__Raw data__
________________________________________

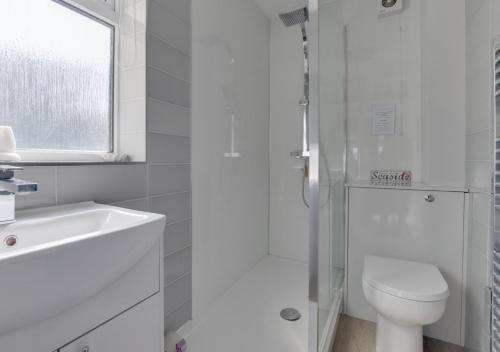 a white bathroom with a toilet and a sink at The Retreat 1 Alexandra Court in Swanage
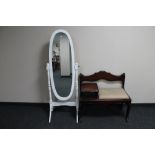A painted cheval mirror and a telephone table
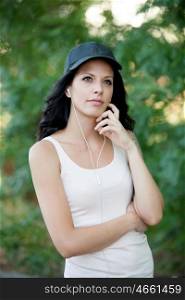 Cool woman with hat and headphones listening music walking in the forest
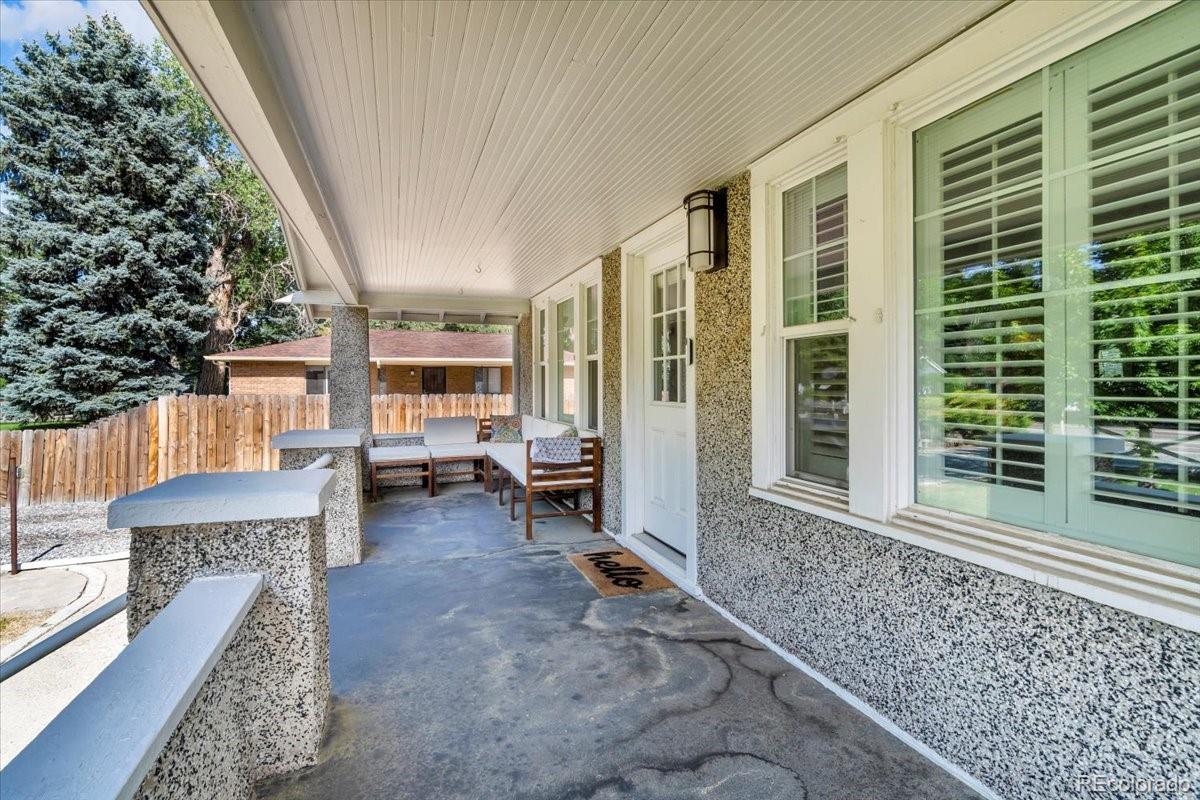 7340 West 32nd Avenue Wheat Ridge, CO 80033 - Photo 2 of 35 a backyard of a house with barbeque oven table and chairs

________________________________________

__How to complete this task__
Output all of the listing above, exactly as given, but without its pictures.

__Task output__
 a white bathroom with a toilet and a sink at The Retreat 1 Alexandra Court in Swanage
A painted cheval mirror and a telephone table
 Cool woman with hat and headphones listening music walking in the forest
 7340 West 32nd Avenue Wheat Ridge, CO 80033 - Photo 2 of 35 a backyard of a house with barbeque oven table and chairs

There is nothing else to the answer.